* ACTIVITY: Below are entries; output exactly the lines from the one with "1997 T700 (black)" to the one with "Slider image of 78 Screen Road, Auckland", both included, and nothing else.

* PROVIDED RECORDS:
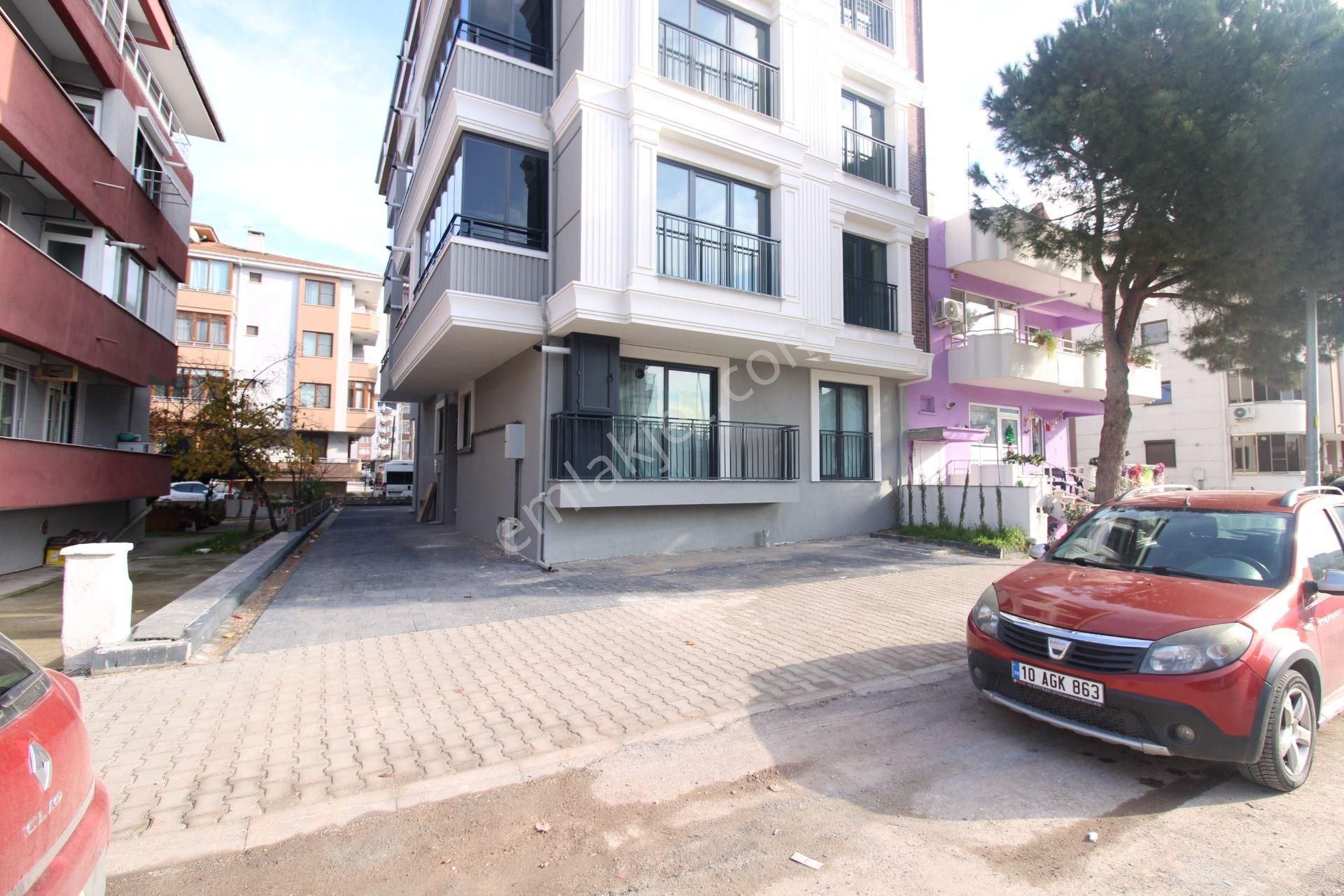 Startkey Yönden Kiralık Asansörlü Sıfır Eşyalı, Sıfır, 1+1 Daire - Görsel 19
* * *
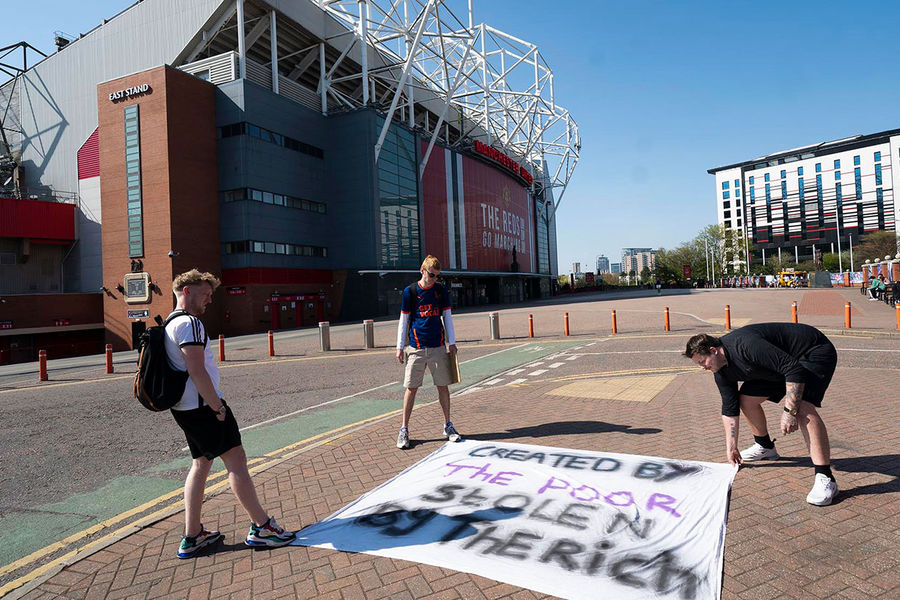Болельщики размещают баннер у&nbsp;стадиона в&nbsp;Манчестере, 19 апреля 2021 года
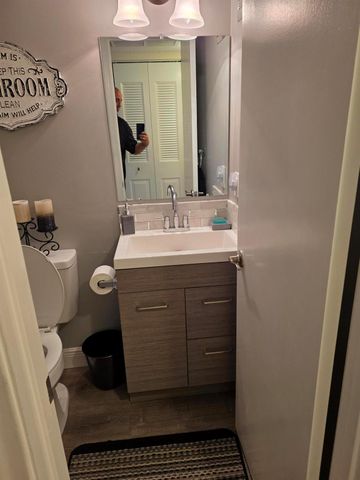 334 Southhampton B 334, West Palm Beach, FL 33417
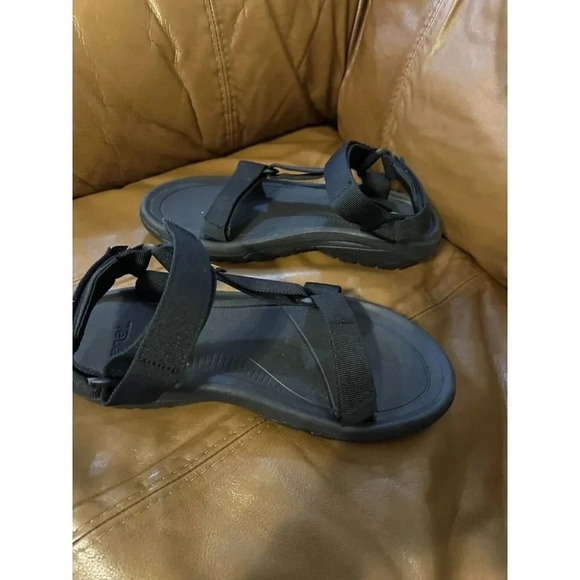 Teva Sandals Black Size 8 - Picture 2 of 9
==
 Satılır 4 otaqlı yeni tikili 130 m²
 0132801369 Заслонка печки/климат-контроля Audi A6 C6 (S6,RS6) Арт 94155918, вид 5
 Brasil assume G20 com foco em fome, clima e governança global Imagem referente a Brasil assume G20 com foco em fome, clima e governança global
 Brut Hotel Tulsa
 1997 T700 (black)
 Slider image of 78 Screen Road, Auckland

* TASK SOLUTION:
 1997 T700 (black)
 Slider image of 78 Screen Road, Auckland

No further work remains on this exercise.